AmericanLongRifles Forums

General discussion => Black Powder Shooting => Topic started by: Larry Pletcher on August 23, 2009, 04:00:25 AM

Title: grease hole in southern rifles
Post by: Larry Pletcher on August 23, 2009, 04:00:25 AM
In traditional southern guns with grease holes, I'd guess that some form of animal fat was used.  What works best today?   I'm experimenting with a bees wax/olive oil mix.  On the side of a stock it would have to be stiff enough not to run and soft enough to coat the patch.  I'm curious what you fellows use.

Regards,
Pletch
Title: Re: grease hole in southern rifles
Post by: Ole Doc on August 23, 2009, 04:41:57 AM
 My real po'boy built by Lange ... has the grease hole.
I use a mix of beeswax and cheap canola oil ...
Figure they both kinda come from flowers...
  works and does not run out
I use it for patchin and pretty much anything.
 Never tried it on a sore tooth.
Title: Re: grease hole in southern rifles
Post by: California Kid on August 23, 2009, 09:36:36 AM
Larry, I made a concoction today of half beeswax and half olive oil, to use for cushion wads for my new fowler (in recent gunbuilding post).
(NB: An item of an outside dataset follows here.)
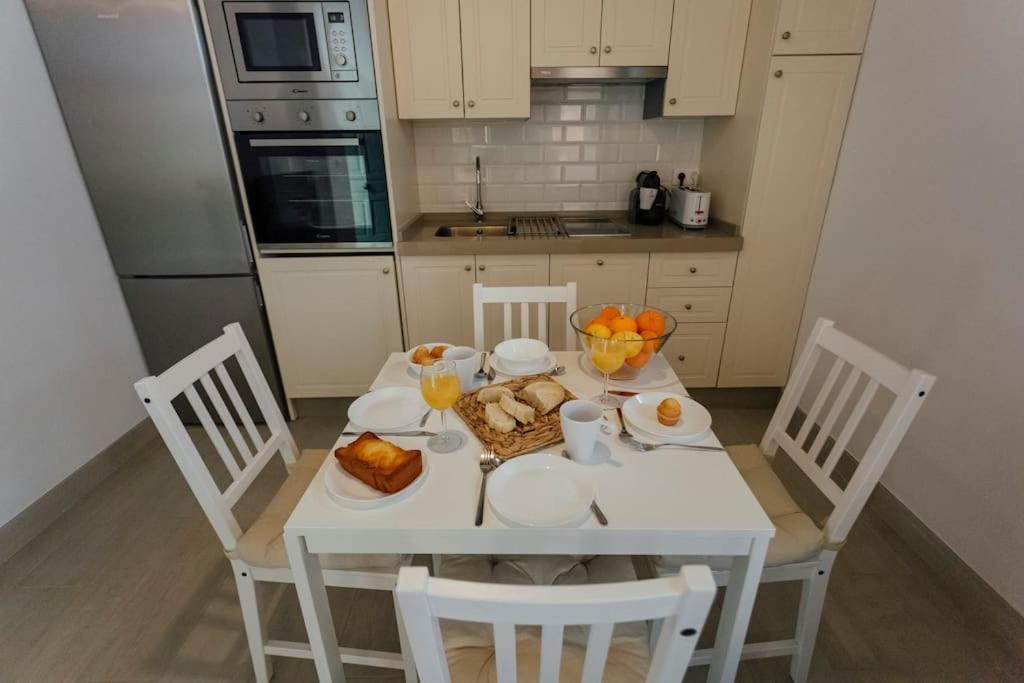 Komodo Gran Poder - Penthouse With Private Pool And Cozy Twin Bedroom Central Apartment Севиля Екстериор снимка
Seems like its going to work well, and would stay in a grease hole fine. There's not a lot of humidity here though, so in Indiana maybe you'd want to be a little heavier on the wax.
The recipe and method came from Capt. Jas of this forum. With a rifle I've always used spit or moosemilk for  the range, but for hunting this could be good. I think Daryl S is playing with a similar mix.
Title: Re: grease hole in southern rifles
Post by: C Wallingford on August 23, 2009, 01:51:01 PM
Larry--
I have deer tallow in my squirrel rifle. It does get pretty soft in hot weather but, so far has not melted to the point of running down the stock.
Title: Re: grease hole in southern rifles
Post by: Dennis Glazener on August 23, 2009, 09:54:30 PM
I use bear grease with enough beeswax in it to keep it solid in cool weather. Just don't take it out on hot days!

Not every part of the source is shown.